Red flags that weaken your first impression
Some mistakes can make a candidate look less serious even when the student has good potential. These are avoidable with careful preparation.
- Generic mass emails: Messages that could be sent to any professor are easy to ignore.
- No field-level connection: Exact topic matching is not required, but contacting a lab in a completely unrelated field suggests poor preparation.
- No evidence of reading the lab website: Even one short sentence about a specific lab topic can greatly improve the impression.
- Unclear CV: If your degree, research topic, and skills are hard to find, the professor may not continue reading.
- Overly long interview answers: A long personal history can be less effective than a short, clear explanation of your research and motivation.
- Unrealistic funding assumptions: Do not assume that a professor can personally provide a scholarship or salary.
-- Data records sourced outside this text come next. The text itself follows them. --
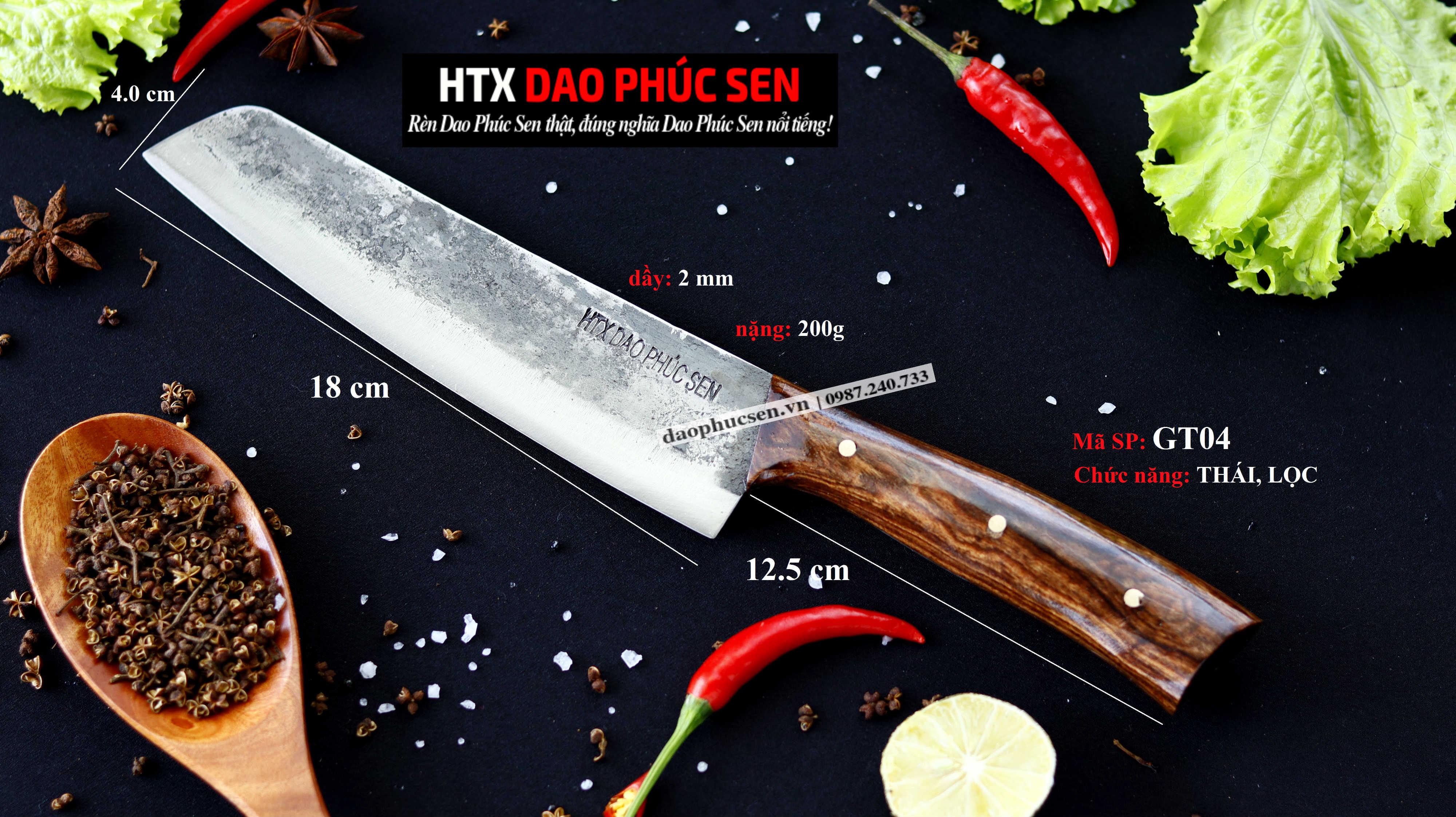 DAO PHÚC SEN DAO THÁI KIỂU 04 cán ốp cẩm GT04 HTX DAO PHÚC SEN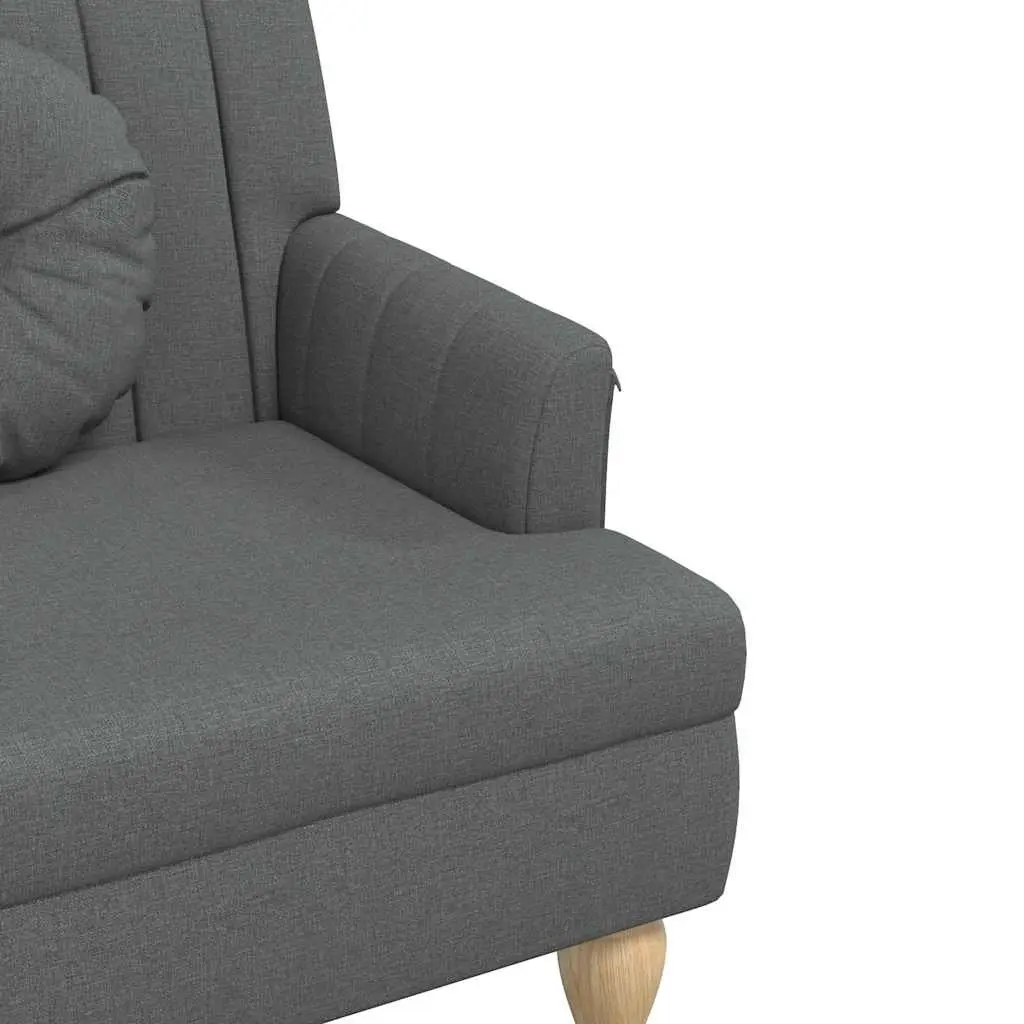 Grey Fabric Padded Bench with Cushions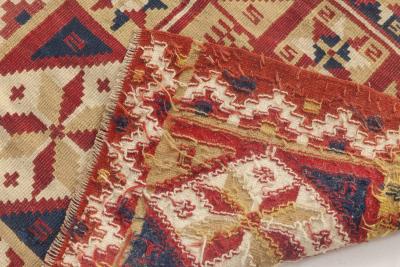 Small Vintage Geometric Red Yellow Navy Blue Swedish Flat Weave Wool Rug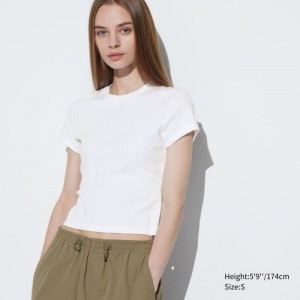 T Shirts Uniqlo Mini Short Sleeve Femme Blanche | 1525954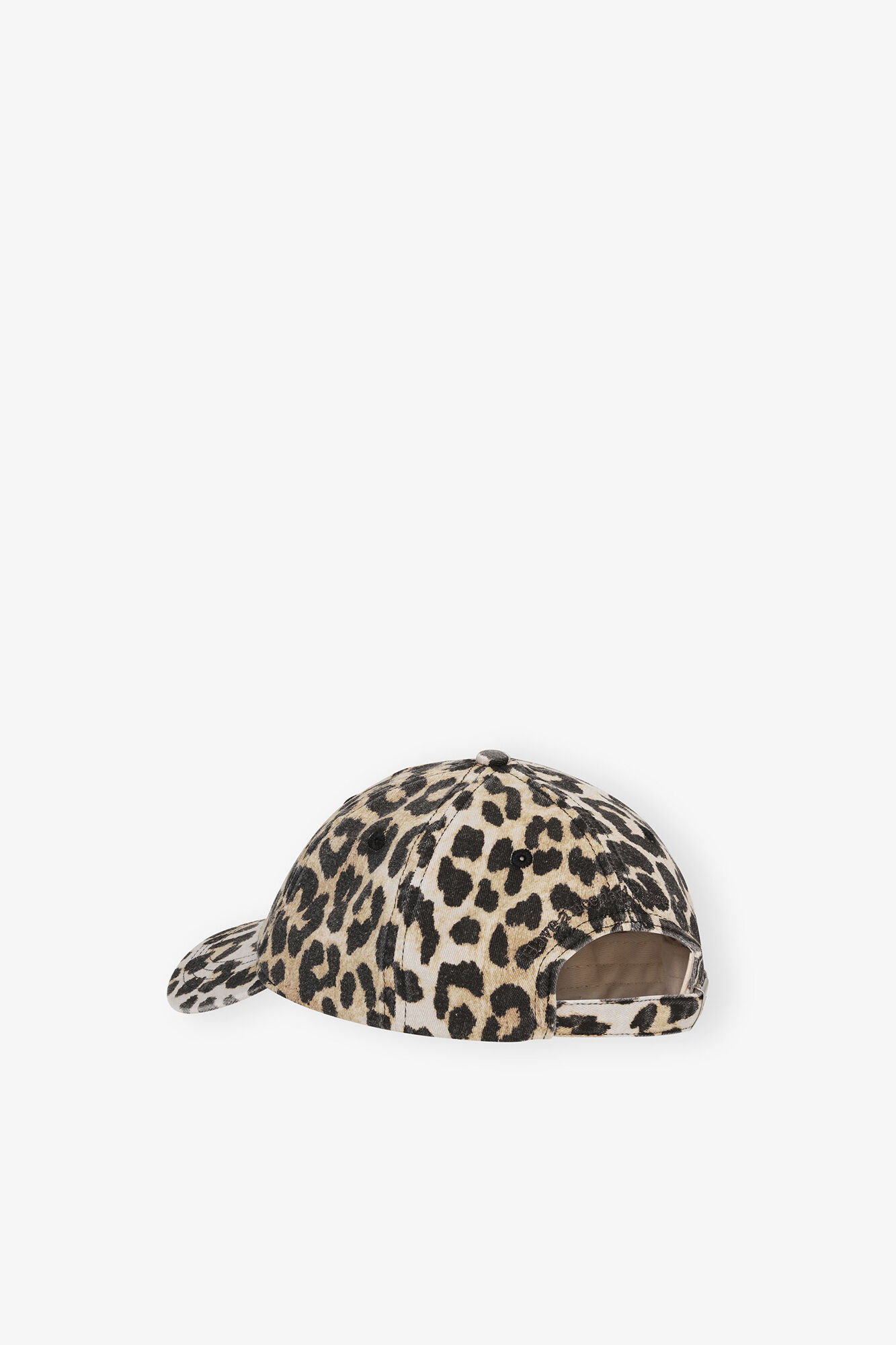 Cap in Leopard Canvas, Organic Cotton, in colour Leopard - 2 - GANNI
- Poor interview setup: A noisy environment, unstable connection, or no preparation can damage the impression.
These points do not mean that only polished students are accepted. Rather, they show that basic preparation matters. A student who is not perfect but clearly prepared may look more promising than a student with better grades but vague communication.
Checklist before contacting a professor
Before sending your first email, check whether you can answer the following questions clearly.
- Have I identified a specific laboratory, not only a university?
- Can I explain the field-level connection between my background and this lab?
- Can I write one short sentence about which part of the lab’s research interests me?
- Is my CV updated, readable, and focused on academic evidence?
- Can I explain my previous research briefly in simple English?
- Can I show motivation for both research life and daily life in Japan?
- Do I know which program or status I am considering: master’s, doctoral, research student, exchange, or scholarship route?
- Is my expected start date realistic?
- Have I thought about funding or scholarship options?
Final advice
In pre-application screening, you do not need to look perfect. You need to look specific, prepared, honest, and realistic. The best first impression is often simple: a clear CV, a short focused email, and an interview in which you communicate your motivation, personality, and readiness for laboratory life.
Useful official sources
Use official university and scholarship pages to confirm application routes, deadlines, documents, and student status. Public research databases can also help you understand a professor’s research activity before contacting the lab.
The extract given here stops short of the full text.